〔論文自著紹介〕

「旅は本質的に観想的である」

−三木清「旅について」におけるアリストテレス受容とその意義−


加藤喜市

※掲載論文本体は、こちら


気軽に旅することの難しい近ごろの状況だからこそ、かえって人は旅という現象を強く意識するのかもしれない。旅とは何か、人生にとって旅はいかなる意味をもつのか。哲学・倫理学者が旅を主題的に論じたやや珍しい文章のひとつが、三木清の「旅について」である。

1.論文の概要

古代ギリシアの哲学者アリストテレスの思想を、近代日本の哲学者である三木清がどのように読解し、また、みずからの思索を深めるに至ったのか。本論文は、三木清の『人生論ノート』所収の哲学的随筆「旅について」を取り上げて、そこに見られるアリストテレスからの影響を検討するものである。三木は「旅は本質的に観想的である」、「旅においては我々は純粋に観想的になる」と語っている。アリストテレスに由来すると思われるこれらの表現によって、三木は何を意味しているのか。
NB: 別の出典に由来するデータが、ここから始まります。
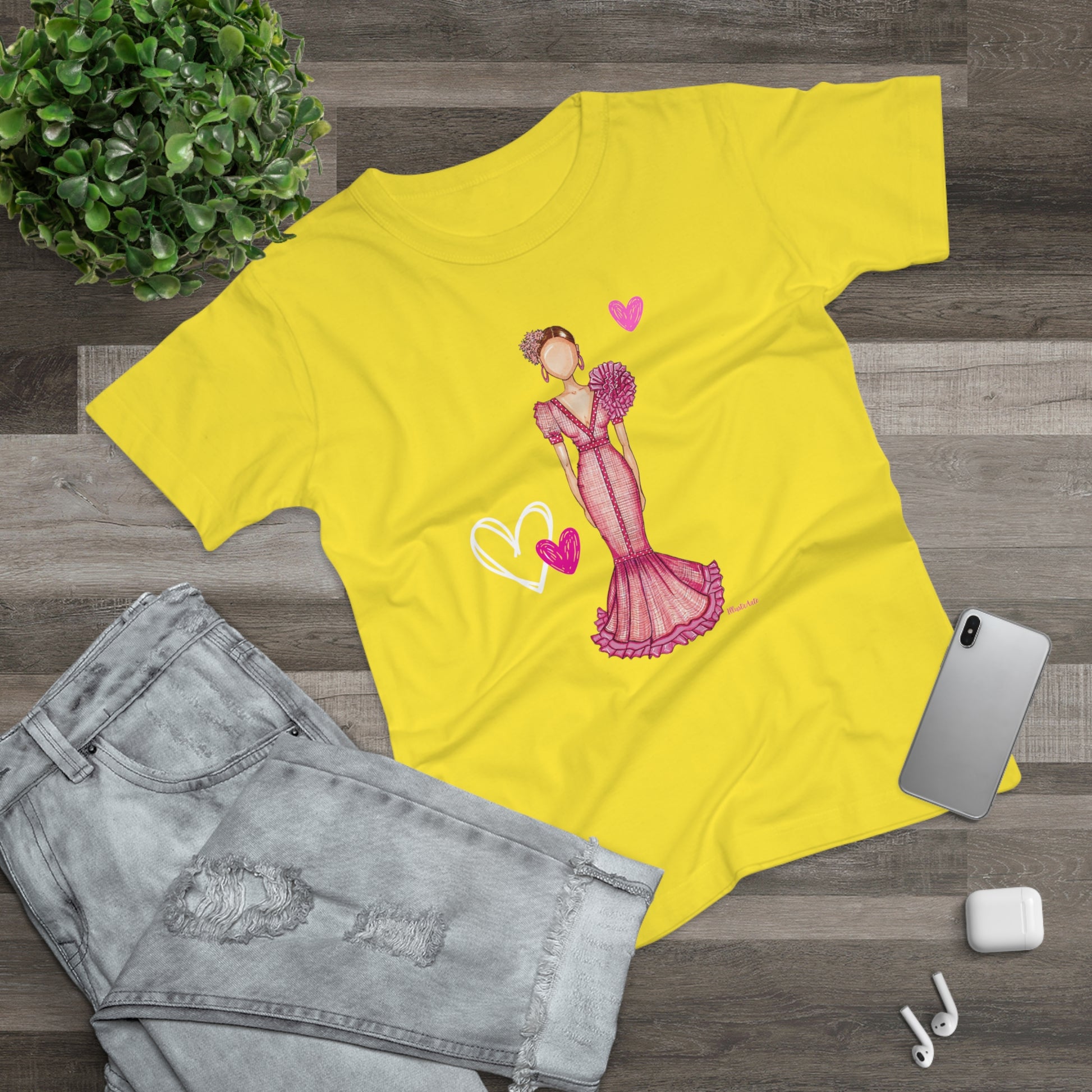 a yellow t - shirt with a picture of a woman in a pink dress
その哲学・倫理学的意義はどこにあるのか。


「旅について」の前半で、三木は、(1)旅は(出発点や到着点ではなく)「過程」である。(2)旅は「観想的」である。(3)我々は旅において「驚異」を感じると述べている。これらの諸点については、三木のアリストテレス読解に由来すると思われる。というのも、アリストテレスのテクスト内にそれぞれ対応する議論が認められるからである。すなわち、『自然学』第3巻において示されるアリストテレスの運動の定義は、運動が「過程」であることを意味する。また、アリストテレスは『ニコマコス倫理学』第10巻で、人間にとっての究極の幸福は「観想活動(テオリア)」であると述べており、さらに『形而上学』Α巻では、「驚異」が人々を哲学に誘うと主張する。
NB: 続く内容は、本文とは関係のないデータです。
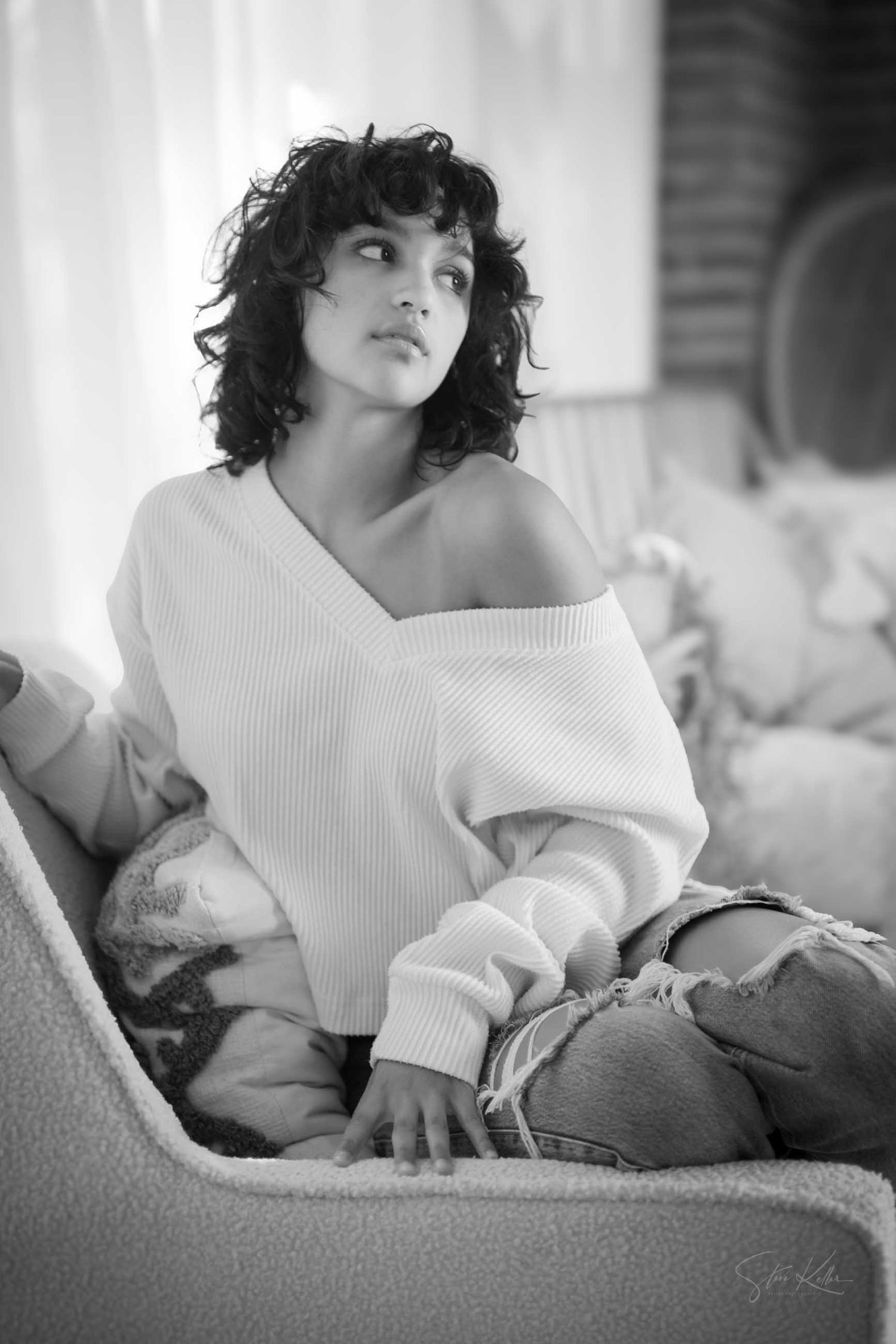 Black and white boudoir photo series showing a model in a white sweater reclining on a couch.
以上のように、「旅について」におけるアリストテレスからの影響は顕著だが、三木の思想は彼独自のものである。アリストテレスの議論は通常、「過程」よりも「目的(テロス)」を優先する傾向にあるが、三木は敢えて運動の「過程」という側面に焦点を当てている。これは、旅と同様に「人生」も始点から終点へ、すなわち生から死へと向かう過程であり、両者が同じ構造を有していると三木が考えたからだろう。


アリストテレスと三木の違いは他にもある。アリストテレスは「観想的生」こそが人間にとって最善の幸福として賛美したが、三木はそうではない。「行為」や「制作」を重視する晩年の『構想力の論理』からすれば、三木は「観想」に対して否定的なはずである。だが、「旅において」では観想への批判は見られず、少なくとも中立の立場をとっている。それでは、ここでの観想は何を意味するのか。参照元であるアリストテレスの「哲学」や「驚異」に関する記述からすると、おそらく三木は「観想的」という表現を「哲学に通じる」という意味で用いているだろう。旅は、私たちに〈哲学のための契機〉を与えてくれる。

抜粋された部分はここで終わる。